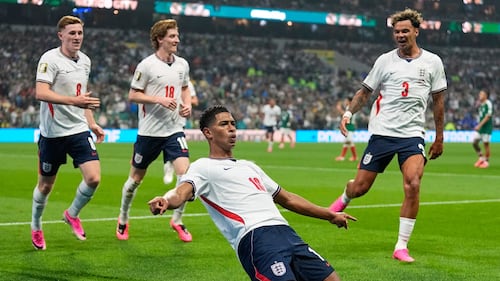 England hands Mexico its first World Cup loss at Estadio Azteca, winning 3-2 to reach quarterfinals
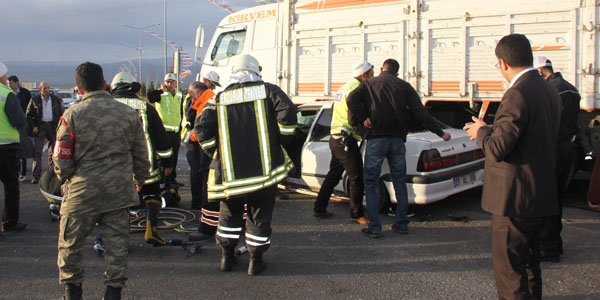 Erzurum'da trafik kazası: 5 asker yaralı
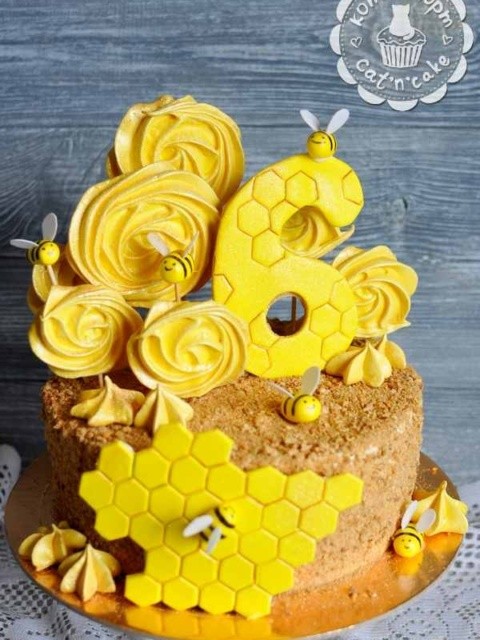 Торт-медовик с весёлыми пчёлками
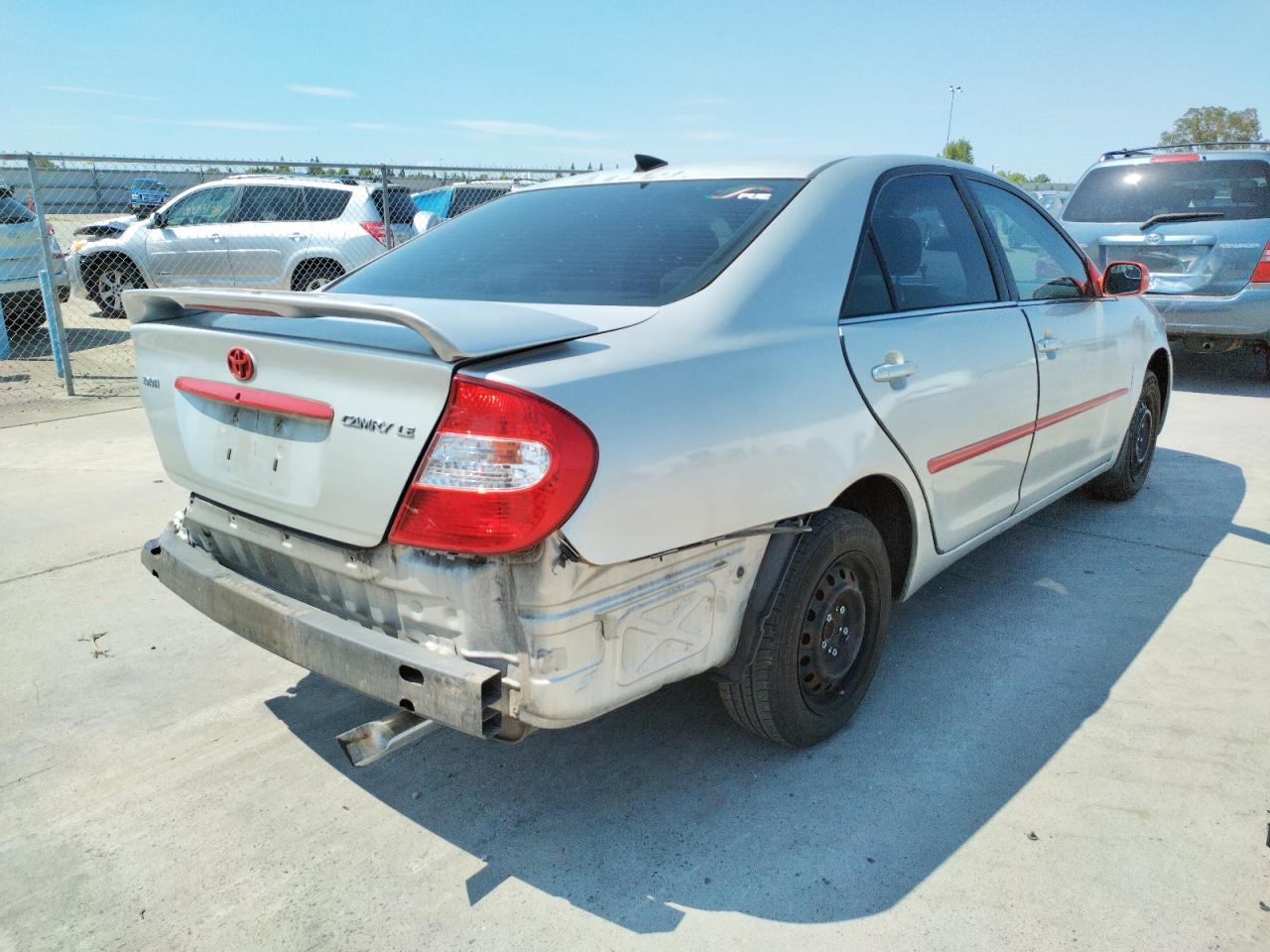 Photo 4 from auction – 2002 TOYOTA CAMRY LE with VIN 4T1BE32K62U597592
==
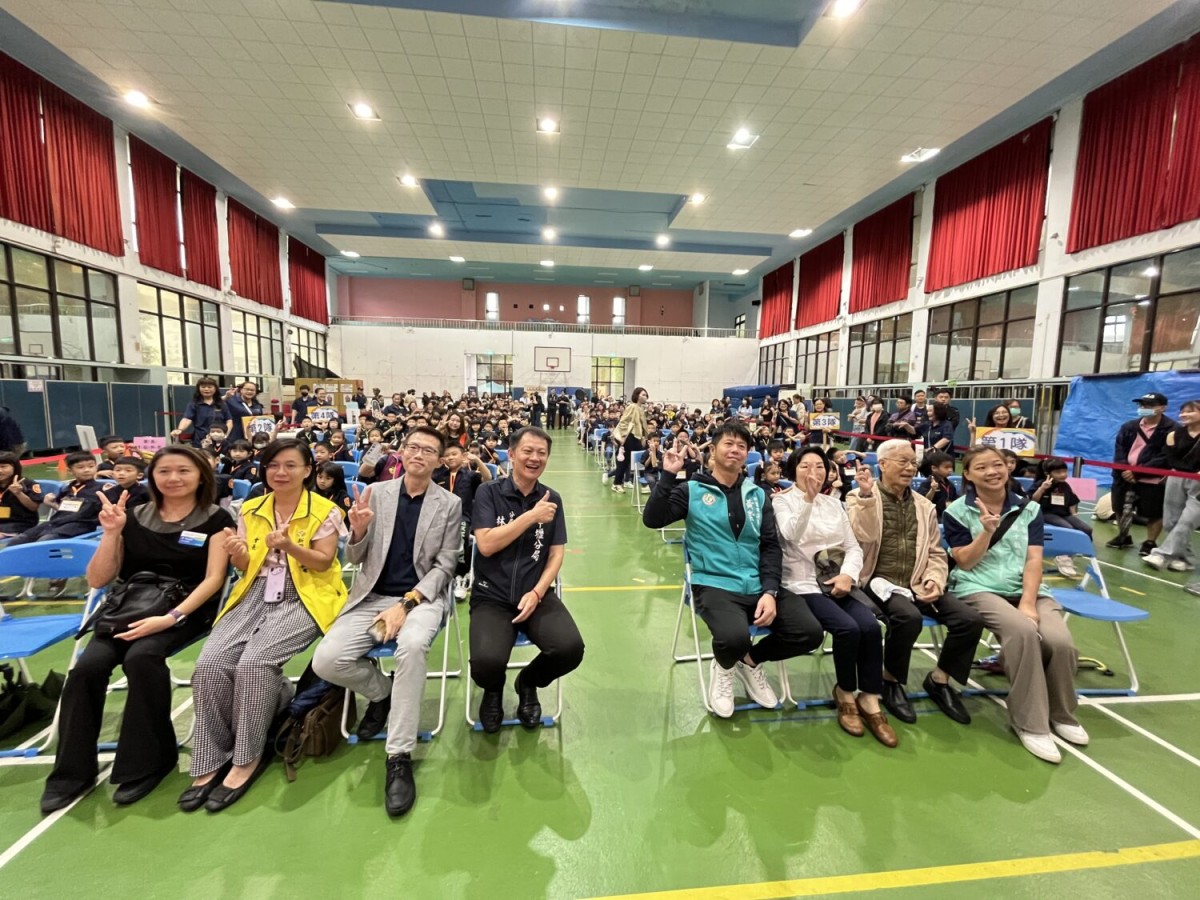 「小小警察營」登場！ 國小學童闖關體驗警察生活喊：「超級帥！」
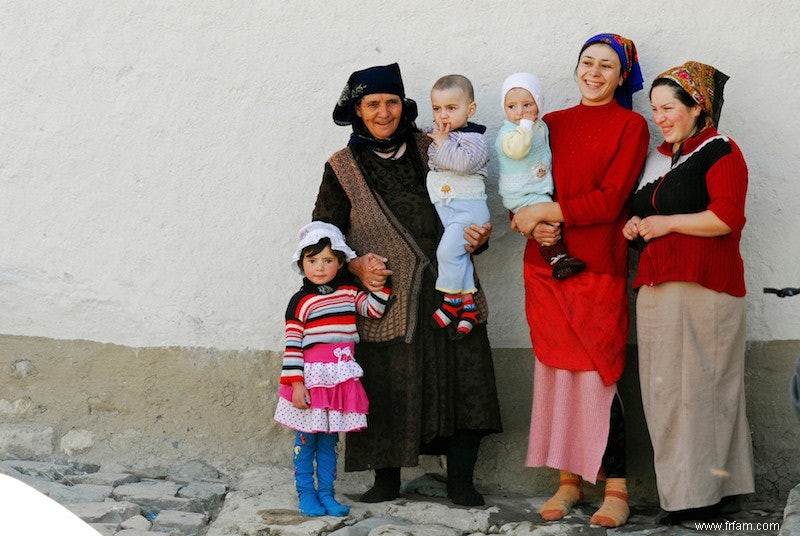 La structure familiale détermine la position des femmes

* Exercise description: Write out exactly the run of lines above that starts at the line containing "England hands Mexico" and ends at the line containing "Photo 4 from". Include both, and leave the pictures out.

* Solution to the exercise:
 England hands Mexico its first World Cup loss at Estadio Azteca, winning 3-2 to reach quarterfinals
 Erzurum'da trafik kazası: 5 asker yaralı
 Торт-медовик с весёлыми пчёлками
 Photo 4 from auction – 2002 TOYOTA CAMRY LE with VIN 4T1BE32K62U597592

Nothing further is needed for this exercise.